1. 5. Une polyfonctionnalité des tours de parole

Dans ce qu’il est convenu d’appeler un même tour de parole, R. Bouchard propose de faire la distinction entre deux interventions qui se succèdent et qui divergent non pas tant par leur valeur illocutoire que par leur fonction perlocutoire. Leur adressage à l’ensemble des apprenants puis à un étudiant particulier donne une simple valeur perlocutoire d’alerte thématique générale à la première et un effet d’imitation individuelle publique à la seconde (avec toutes les conséquences sociales éventuelles de perte de face que peut engendrer alors un comportement de réponse jugé inadéquat).

La phase d’attribution de la parole pouvant se manifester uniquement par un geste ou un regard, est, selon R. Bouchard, l’occasion aussi d’un éventuel rappel du rituel de demande de parole. Ces rappels « disciplinaires » montrent par leur fréquence même l’accroissement de l’instabilité du polylogue qui se manifeste dans ces moments de changement de format interlocutif.
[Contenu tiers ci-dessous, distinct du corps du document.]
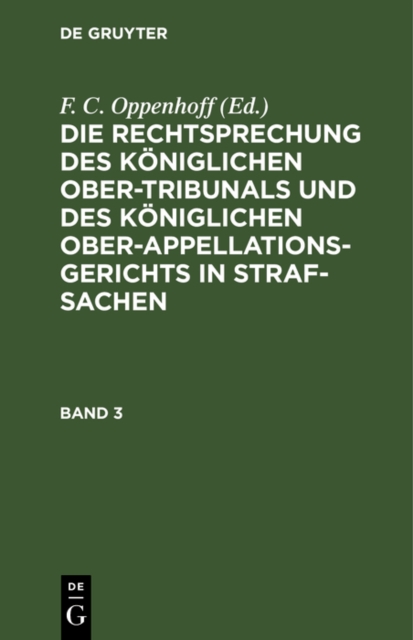 Die Rechtsprechung des Königlichen Ober-Tribunals und des Königlichen Ober-Appellations-Gerichts in Straf-Sachen. Band 3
Du fait de la situation polylogale, R. Bouchard parle d’une complexification simultanée des tours de parole magistraux. On constate un triple feuilletage potentiel des tours de parole de l’enseignant, comme le feuilletage interlocutif, le feuilletage polylogique. L’instabilité verbale et actionnelle du polylogue occasionnent des réajustements constants du format d’interlocution des interventions de l’enseignant. Pendant les cours, au sein d’une même prise de parole, d’une part l’enseignant s’adresse souvent à l’ensemble du groupe mais d’autre part il insère, si besoin est, des interventions destinées à des individus particuliers explicitement interpellés. R. Bouchard parle de métonymie conversationnelle: ce qui est adressé à une partie de l’assistance vaut aussi pour la totalité de cette assistance.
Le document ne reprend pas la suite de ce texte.